My first impression of him on Eva was that he was very sharp, often using a ruler for mecha animation. This is particularly noticeable in episode 2, for which he was trying to draw almost all face and shoulder parts with a ruler. Nobody in GAINAX was doing that anymore so he looked like he was “resisting”, and his works had a more sharp and rigid feel to them. But that changed after he participated in Jin-Roh. He started to introduce softer forms, thus changing his touch quite radically. Well, I guess there’s also the influence of time. Yet I think he hasn’t change fundamentally. He has a thick feeling like he is trying to condense all of the best animation he’s seen in the past into one work, that thickness may be his originality. Talking about it, his older brother (Kou Yoshinari)’s work is also very dense, isn’t it? Kou-san’s is more oriented towards elevating his representation in a meticulous and realistic way, so I think they’re a little different on that point. Maybe most of it is because (Kazuya) Tsurumaki-san initiated him the tough way. I remember peeking at him correcting Yoshinari-san’s layouts at length telling him “No, not like this”. Tsurumaki-san likes typical anime-ish rhythm and energy, but Yoshinari-san preferred to draw realistic, plaster figure-like shapes and accurate movement at the time. So Tsurumaki-san was trying to bring him to a more spectacular style. That happened several times, and his current style must have been shaped through that process.
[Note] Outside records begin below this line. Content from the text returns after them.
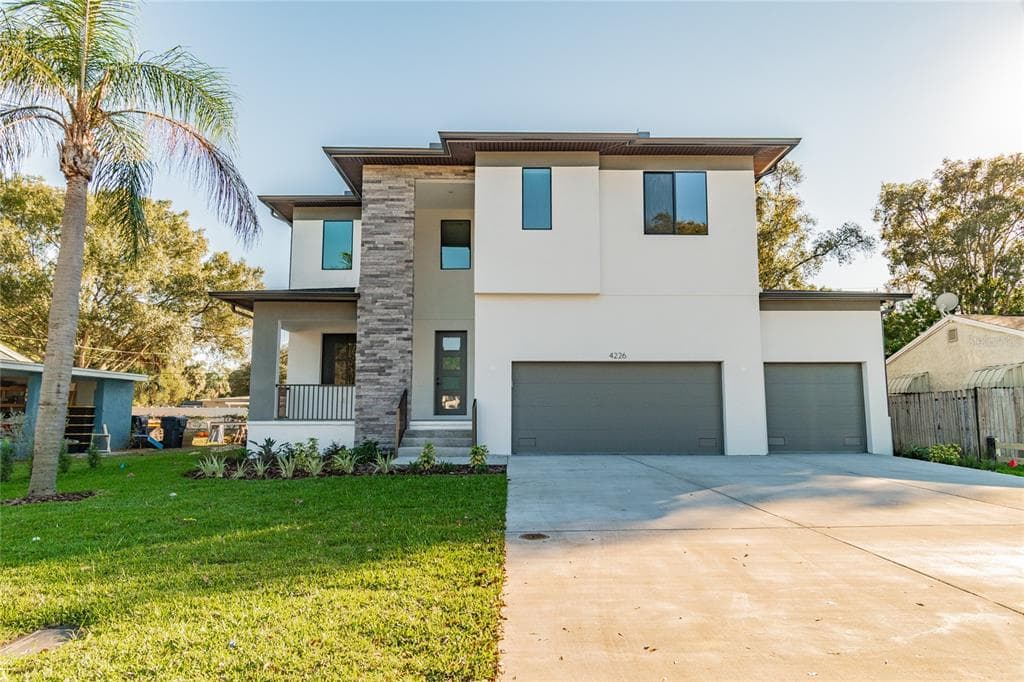 4226 W BAY VIEW AVENUE TAMPA, FL 33611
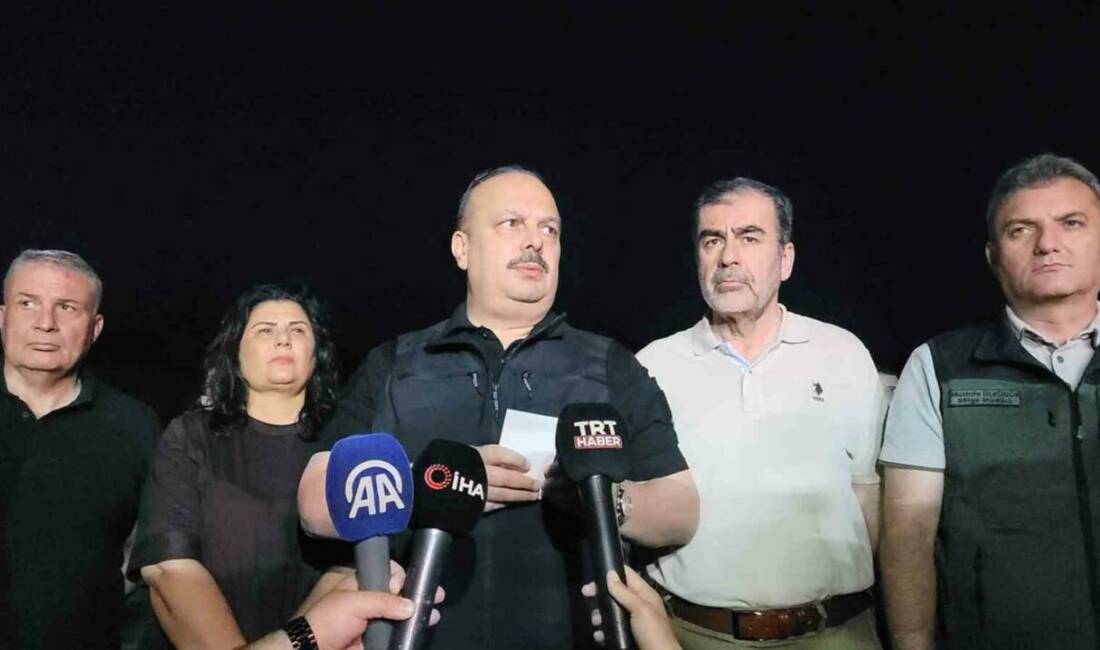 Aydın’ın Efeler ilçesi Savrandere mevkiinde tarım arazisinde başlayan yangının son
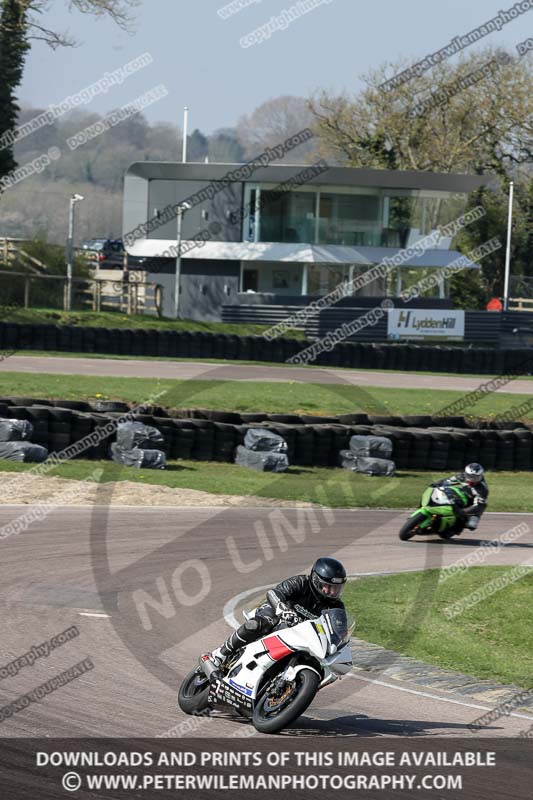 cadwell park;cadwell park photographs;cadwell trackday photographs;enduro digital images;event digital images;eventdigitalimages;peter wileman photography;racing digital images;trackday digital images;trackday photos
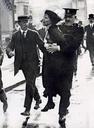 Arrestatie_Emmeline_Pankhurst_/_Emmeline_Pankhurst_being_arrested.jpg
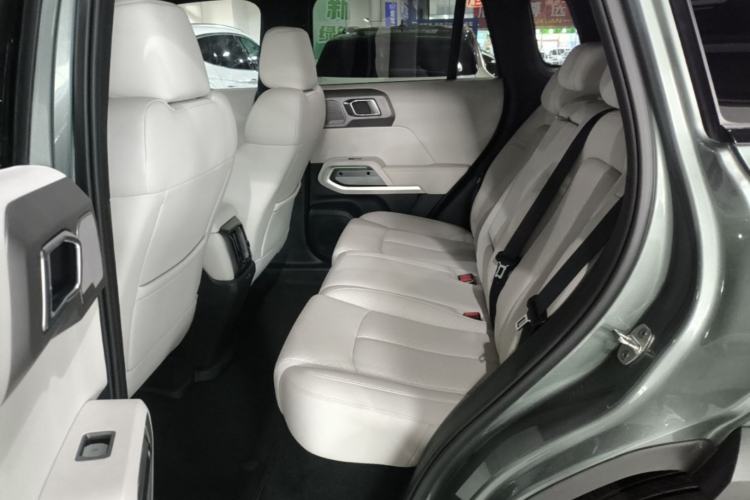 Used Formula Leopard Titanium 3 2025 501KM All-Wheel Drive Intelligent Driving Ultra Version Left Rear Seat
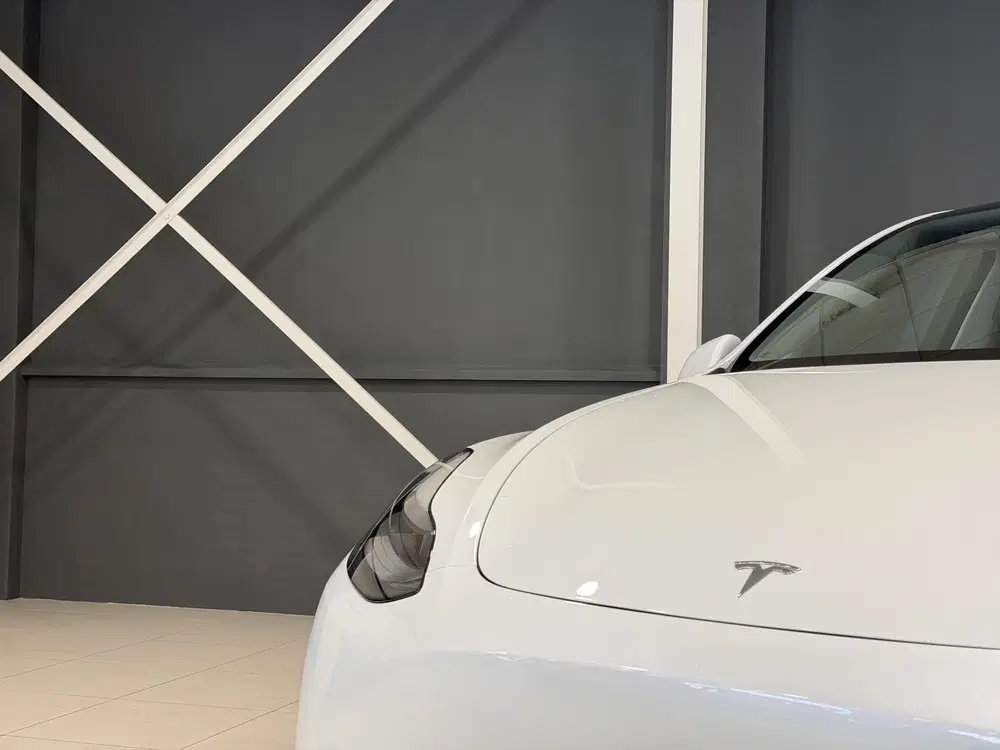 Tesla Model Y Long Range AWD 75 kWh uit 2024, foto 9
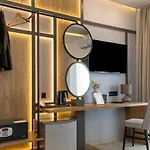Hotell Mythic Summer
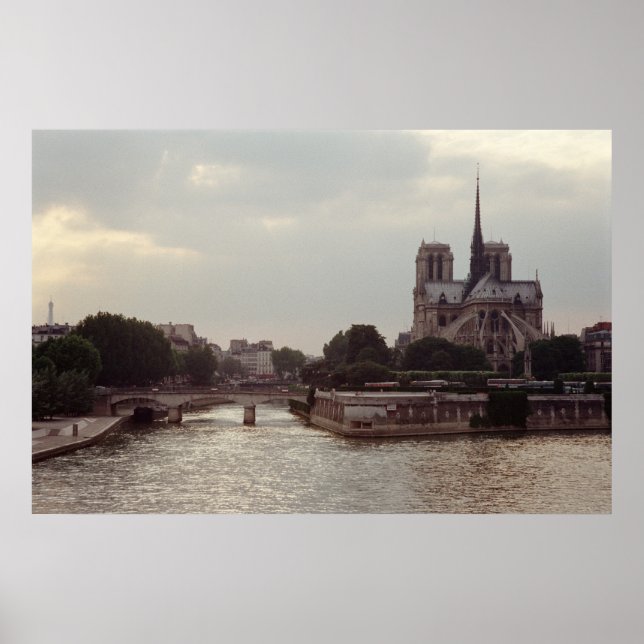 Notre Dame på floden Seine Poster (Framsidan)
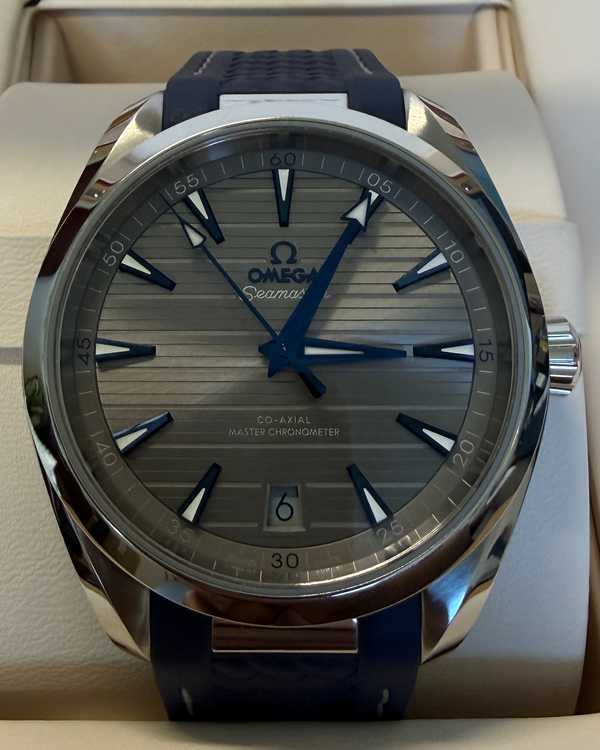 2023 Omega Seamaster Aqua Terra 150M 41MM Grey Dial Rubber Strap (220.12.41.21.06.001)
He’s had lesser and lesser time to draw key frames since we teamed up on (Tengen Toppa) Gurren Lagann, and I feel very sorry about that. To be honest, I’d like him to draw more keys. I wouldn’t say “instead of spending time on Tezuka anime as Otonari Kobo” but (laugh)… If he’s able to make such things unnoticed, that means he actually draws exceptionally fast. But his key animation works require so much efforts and time, he cannot be that efficient. After all it’s a miracle to have such works delivered in such short deadlines. What always surprises me when I observe him working is that sometimes he draws incredible amounts of frames, and then just throws them. That happens mostly on very detailed explosion cuts: even when the cut is only about 2.5 seconds, he happens to draw more than what he needs. So in the end he takes unnecessary drafts out and throws them out, only then it’s finished. He draws so many of them at first they don’t fit into the timesheet, even if we put 24 frames per second. It’s almost scary. Moreover, the less he has time the more his drawings get dense. And I think that thickness increases each year.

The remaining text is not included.